Is there another instruction similar to MOVZX, but supported on the 8086?

Question

Im trying to find an instruction that will replace MOVZX, since I'm using EMU8086 (which emulates an 8086 that does not support MOVZX).

The closest instruction I found was CBW, which puts the value in the register AX, but it's for signed values only. I need something that will work for unsigned values.

What are my options? Is it possible to do it with a single instruction?

Answer 1

The movzx instruction zero-extends a value with a smaller width to fit into a larger-width register. For example, movzx would be used to move a 16-bit value into a 32-bit register. (It is contrast to movsx, which does the same thing except with sign extension. You would use movzx when the value is unsigned, and movsx when the value is signed.)

As you point out, these instructions were not introduced until the 386, so if you're targeting an earlier generation of processor, then you'll need to find an alternative.

The basic strategy is, as others pointed out in the comments, to zero the destination register first, and then move the smaller value in. This will accomplish exactly the same thing as movzx. The obvious way to zero a register is with mov reg, 0, but it is smaller and faster to do it using xor reg, reg. Therefore, code like:

movzx  edx, WORD PTR [bx]

can be replaced with:

xor    edx, edx
mov    dx,  WORD PTR [bx]

On modern processors, this is slower than movzx, but it will actually be faster on the 386 and 486, where movzx is relatively slow.
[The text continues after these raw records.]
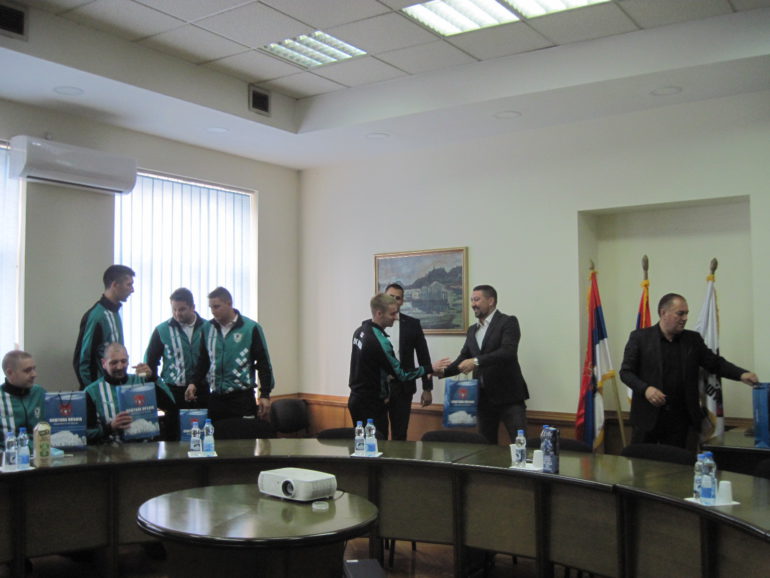 Predsednik opštine ugostio rukometaše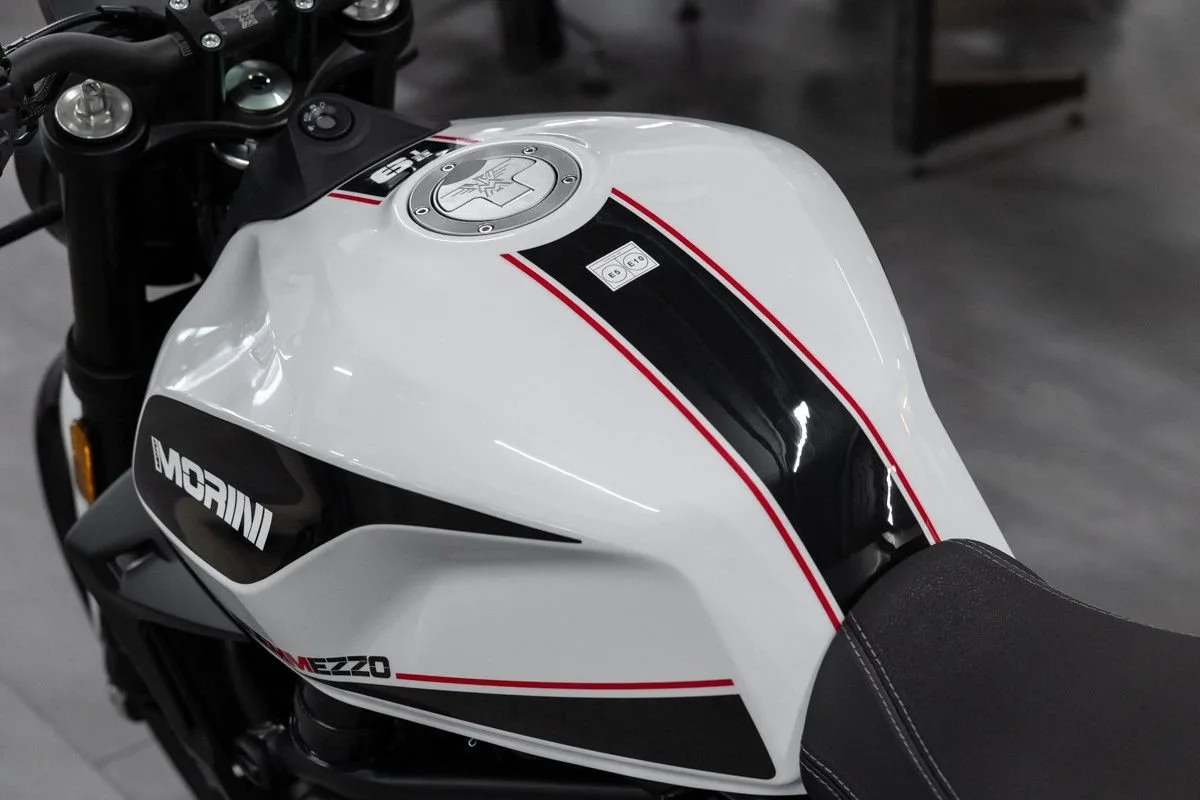 Moto Morini 6 1/2 Seiemmezzo STR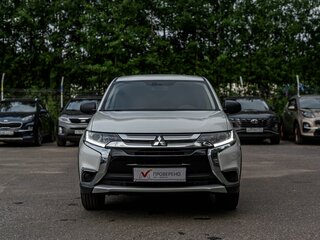 2017 Mitsubishi Outlander III Рестайлинг 2, белый, 1499000 рублей, вид 3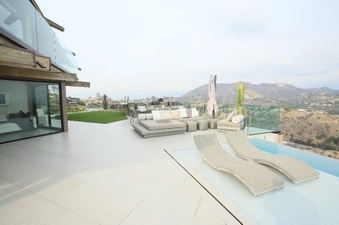 Enlarge photo 35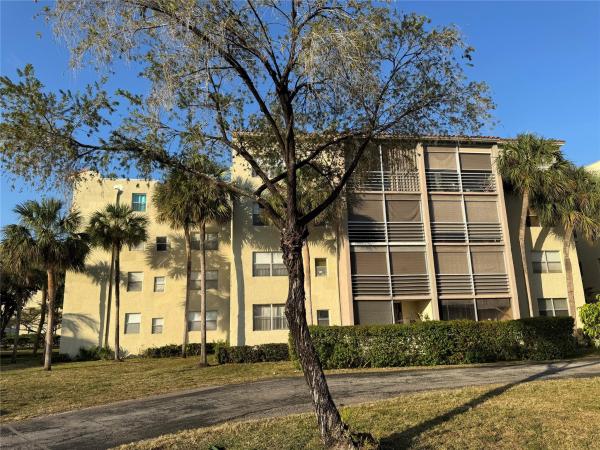 Courtyards Of Broward, 1810 N Lauderdale Ave #2210, North Lauderdale, Florida 33068, image 1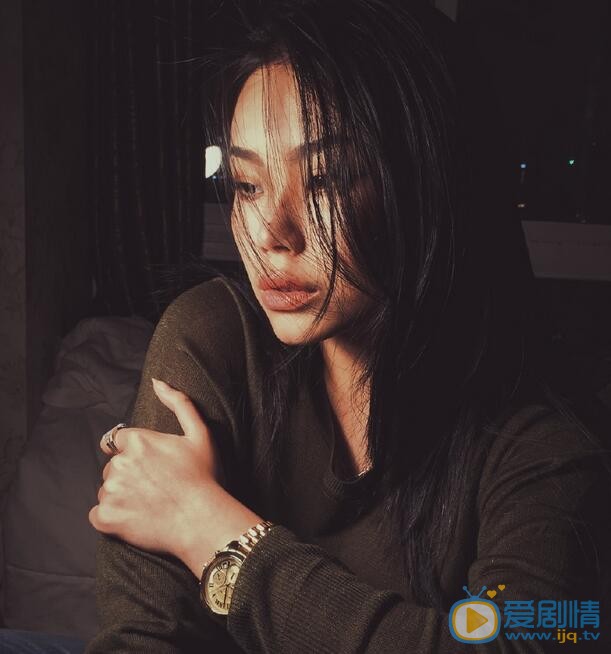 万妮达生活照 万妮达高清写真_万妮达高清剧照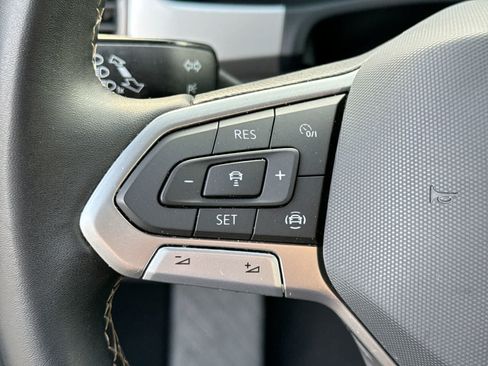 Used 2023 Volkswagen Atlas Cross Sport SE FWD image 30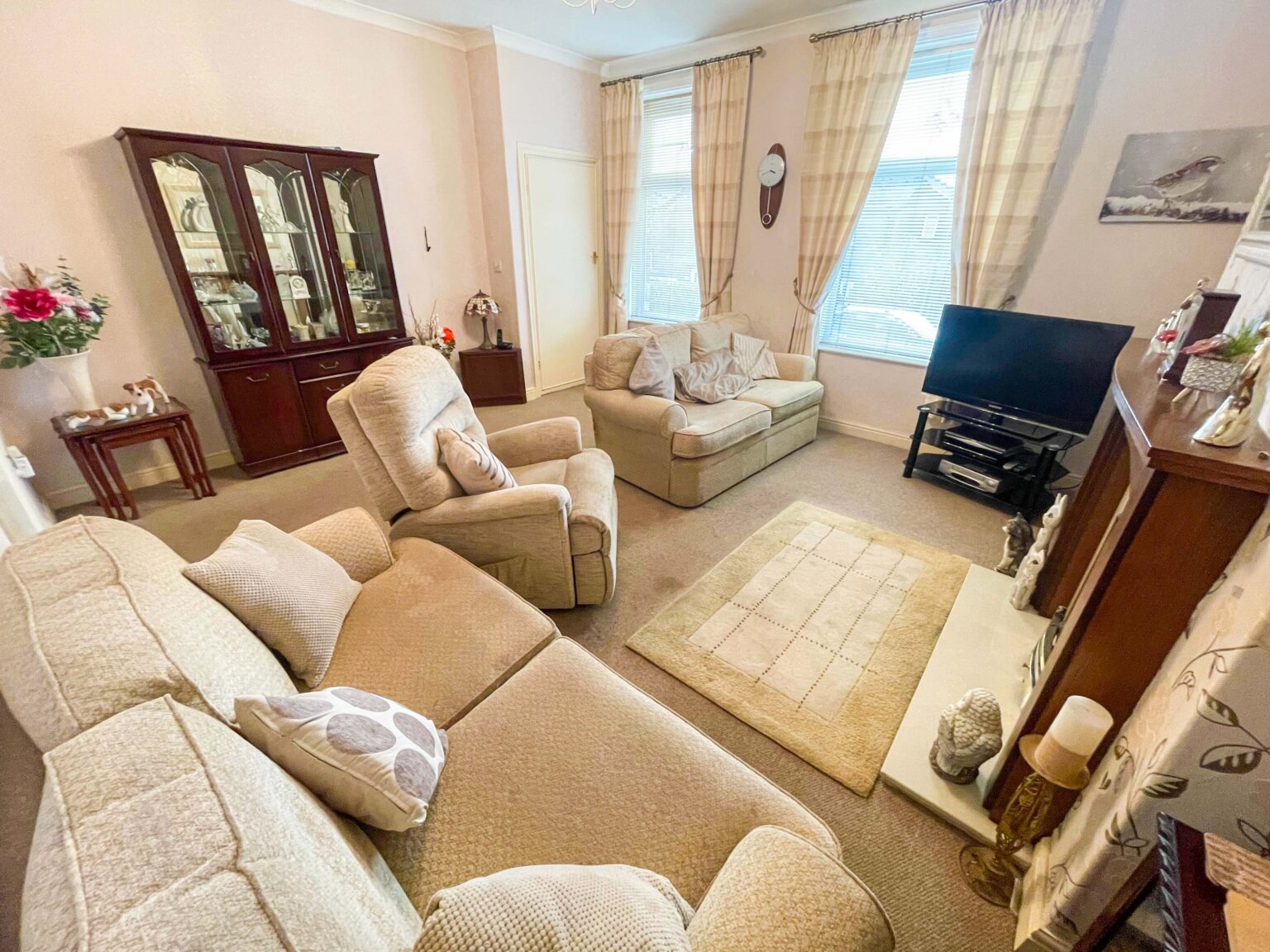 Crabtree Avenue, Edgeside, Waterfoot Coppenwall Estate Agents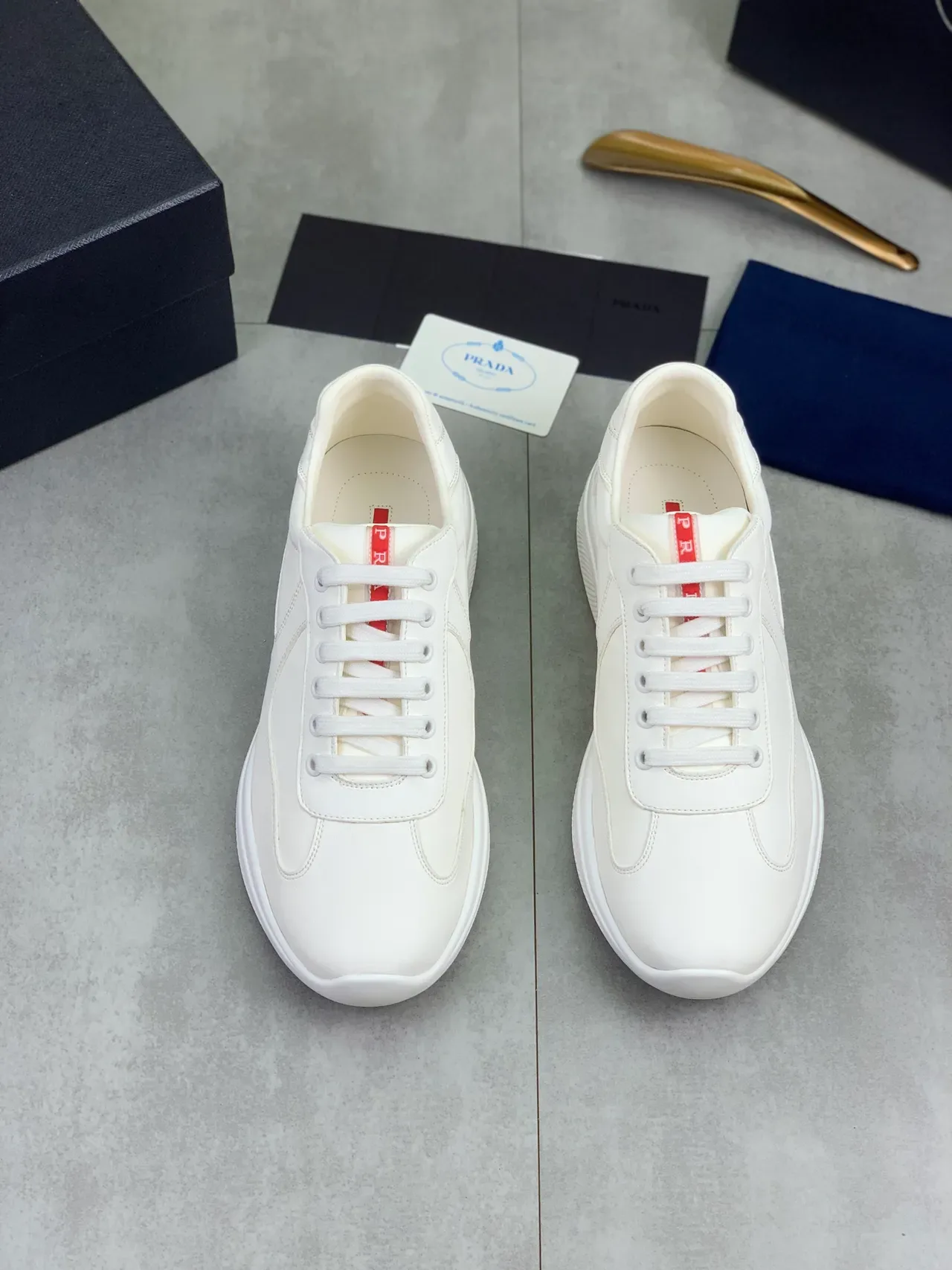 White Leather Minimalist Lifestyle Sneakers 4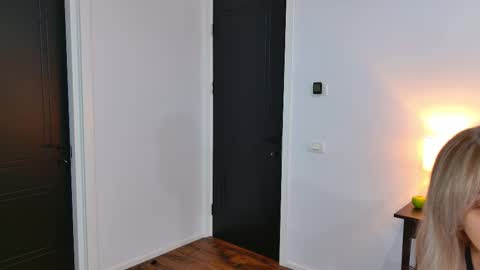 Jenny online show from October 17, 8:24 pm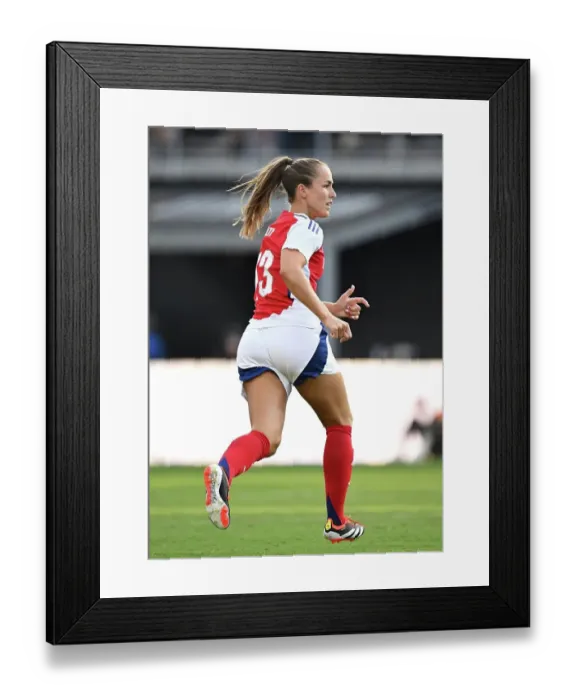 Framed Print : Arsenal Women v Chelsea Women: Pre Season Friendly Framed Print : Arsenal Women v Chelsea Women: Pre Season Friendly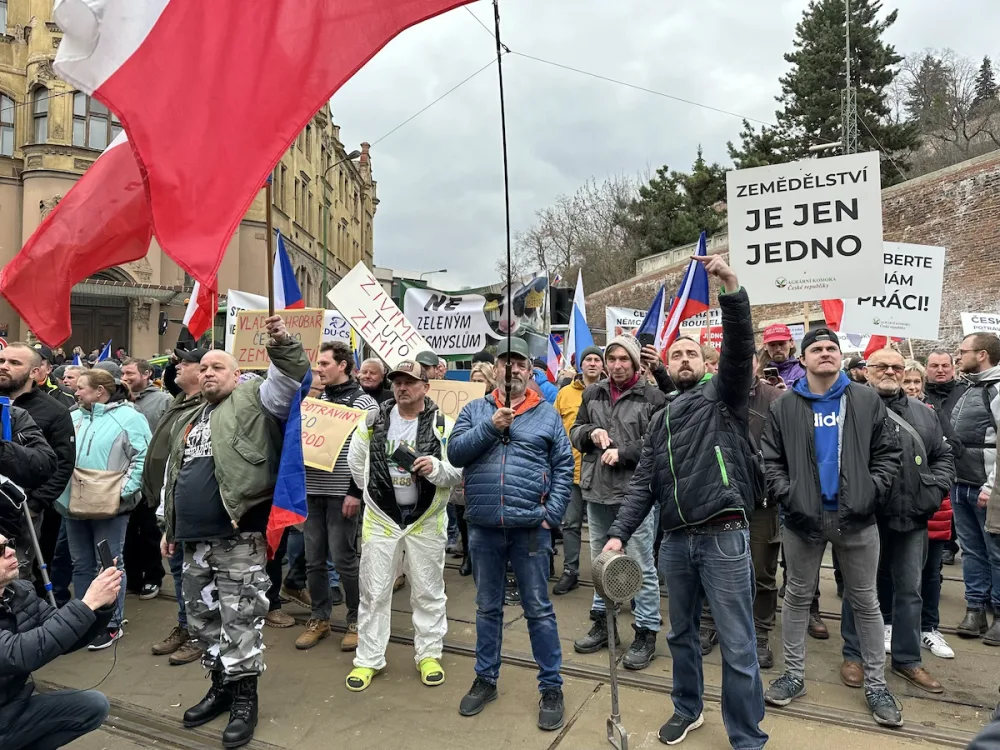 FOTOGALERIE: Hnůj hlídaný policií, naštvaní zemědělci a zase ten guláš. Podívejte se, jak vypadal další protest farmářů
And of course, on processors where movzx doesn't exist, you have no choice. You can further minimize the cost by issuing the xor instruction earlier, interspersing it amongst other code.

One significant disadvantage of this approach is that you cannot do an in-place zero-extension on a value stored in a register. That is, there is no way to use this trick when you have code like:

movzx  edx, dx

Instead, you would have to use a temporary register:

xor  eax, eax
mov  ax,  dx
mov  dx,  ax    ; optional, if you really needed the result to be in DX

Or, if you were zero-extending an 8-bit value, you could take advantage of the fact that the upper and lower 8-bit halves of a 16-bit register can be accessed independently on x86, and simply zero the upper 8 bits. For example:

mov    al, BYTE PTR [bx]
xor    ah, ah
; now read from value in AX

Note that this works for in-place zero-extension—just zero the high 8 bits. However, this technique cannot be used to zero-extend a 16-bit value, since there is no way to access just the upper 16 bits of a 32-bit register.

Fortunately, the need for zero-extension on these older architectures is much less than it is on modern architectures, since you don't have to guard as vigorously against partial-register stalls and false dependencies.

---

^{In comments, the concern was raised that all of the alternatives to movzx require more than one instruction. Of course, that is true. If there were a way to do it in a single instruction, there wouldn't have been a need for the 386 to introduce movzx. If you're worried about execution speed, consider what I said above that xor+mov will be equally as fast as movzx would have been if it were available, if not faster.}

^{If you're worried about number of instructions, then rest assured that less code does not necessarily mean faster code. In fact, in many cases, adding additional instructions can make your program execute faster. If you are trying to optimize a particular chunk of code, I encourage you to ask a question about it either here or on Code Review (we need more assembly language questions there!).}